## What to produce
What are the lines below, starting at the line containing "Hello guys and" and ending at the line containing "And that's where"? Write them out exactly, ends included, without pictures.

## Provided entries
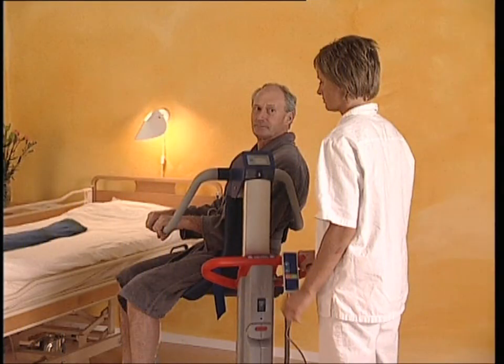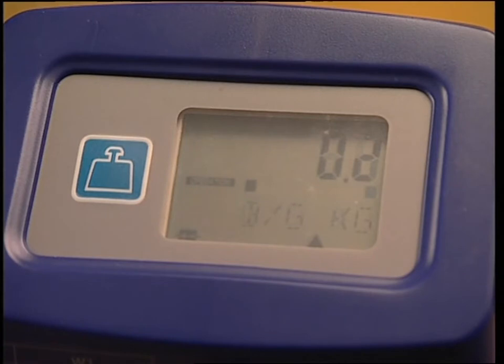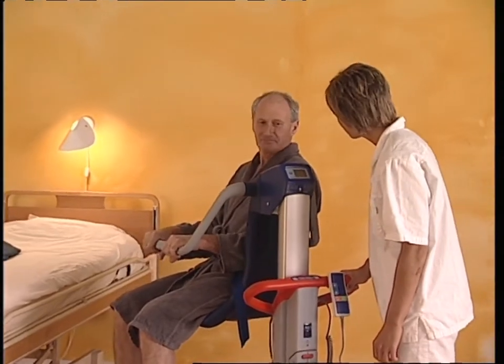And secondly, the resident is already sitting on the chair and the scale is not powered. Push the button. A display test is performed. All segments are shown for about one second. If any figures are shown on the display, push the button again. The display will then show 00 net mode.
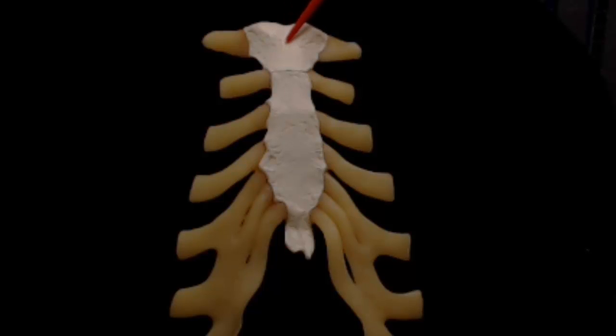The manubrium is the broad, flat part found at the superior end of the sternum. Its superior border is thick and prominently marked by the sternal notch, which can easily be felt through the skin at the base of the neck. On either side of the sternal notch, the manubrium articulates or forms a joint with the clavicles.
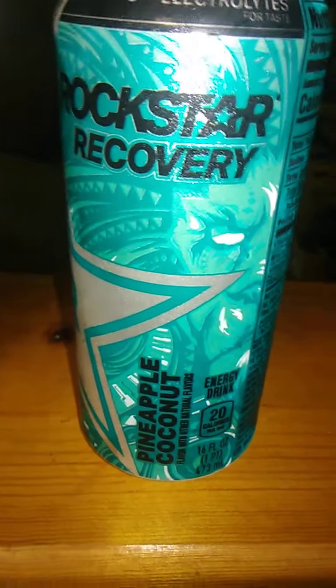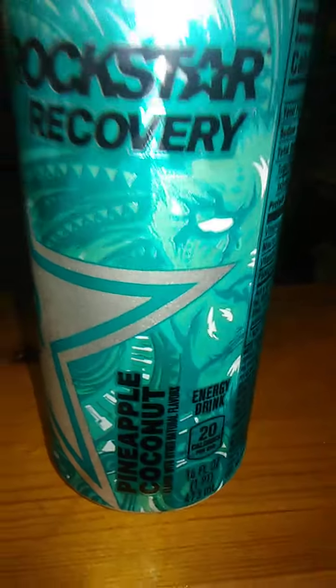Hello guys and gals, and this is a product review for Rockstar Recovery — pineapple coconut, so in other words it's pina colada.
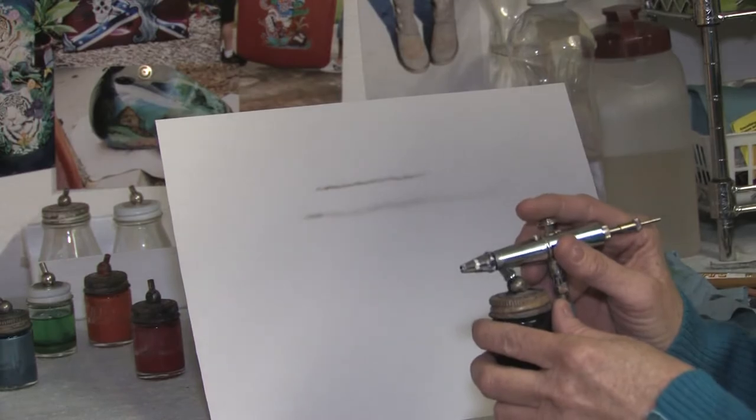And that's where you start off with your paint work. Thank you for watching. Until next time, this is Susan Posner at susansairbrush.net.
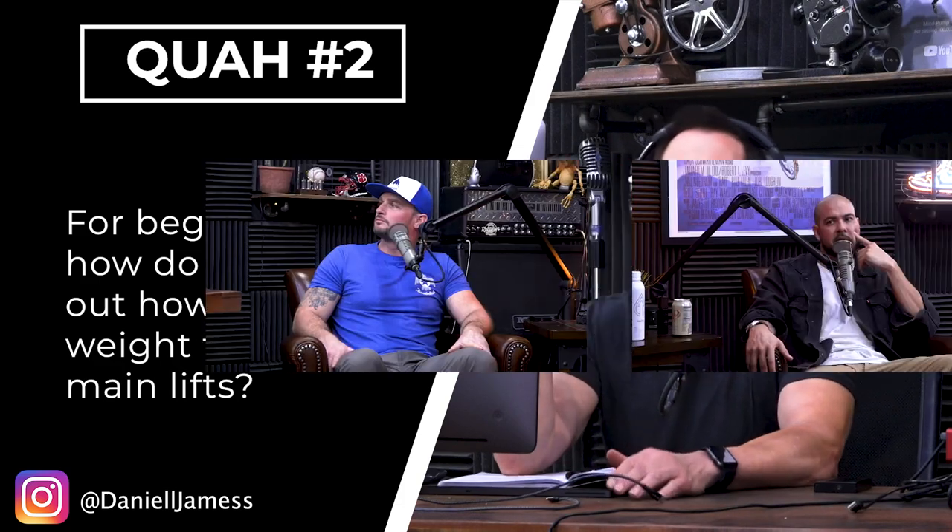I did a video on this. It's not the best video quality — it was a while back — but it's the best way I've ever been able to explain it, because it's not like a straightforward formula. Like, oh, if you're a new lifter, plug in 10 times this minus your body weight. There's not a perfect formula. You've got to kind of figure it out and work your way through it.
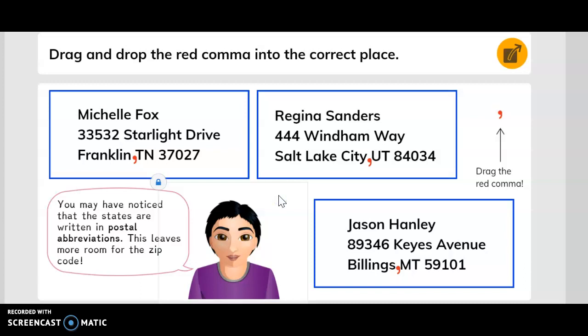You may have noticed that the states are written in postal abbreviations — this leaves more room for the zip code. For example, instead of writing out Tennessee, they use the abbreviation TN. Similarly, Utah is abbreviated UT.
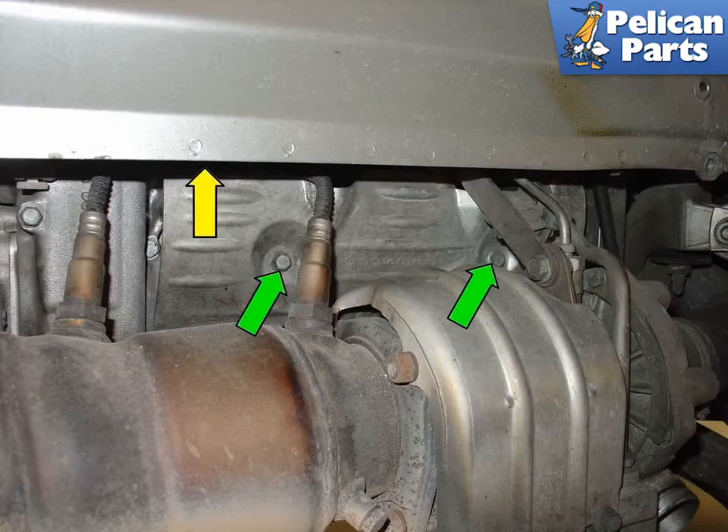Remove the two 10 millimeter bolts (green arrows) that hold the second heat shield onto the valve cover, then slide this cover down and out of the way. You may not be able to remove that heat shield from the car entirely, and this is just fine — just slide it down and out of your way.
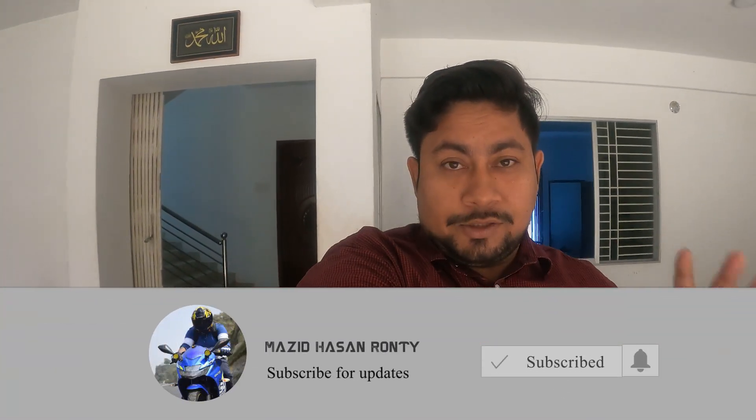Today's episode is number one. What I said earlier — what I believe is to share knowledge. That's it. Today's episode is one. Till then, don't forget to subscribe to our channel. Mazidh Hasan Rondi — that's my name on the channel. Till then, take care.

## Expected answer
Hello guys and gals, and this is a product review for Rockstar Recovery — pineapple coconut, so in other words it's pina colada.
And that's where you start off with your paint work. Thank you for watching. Until next time, this is Susan Posner at susansairbrush.net.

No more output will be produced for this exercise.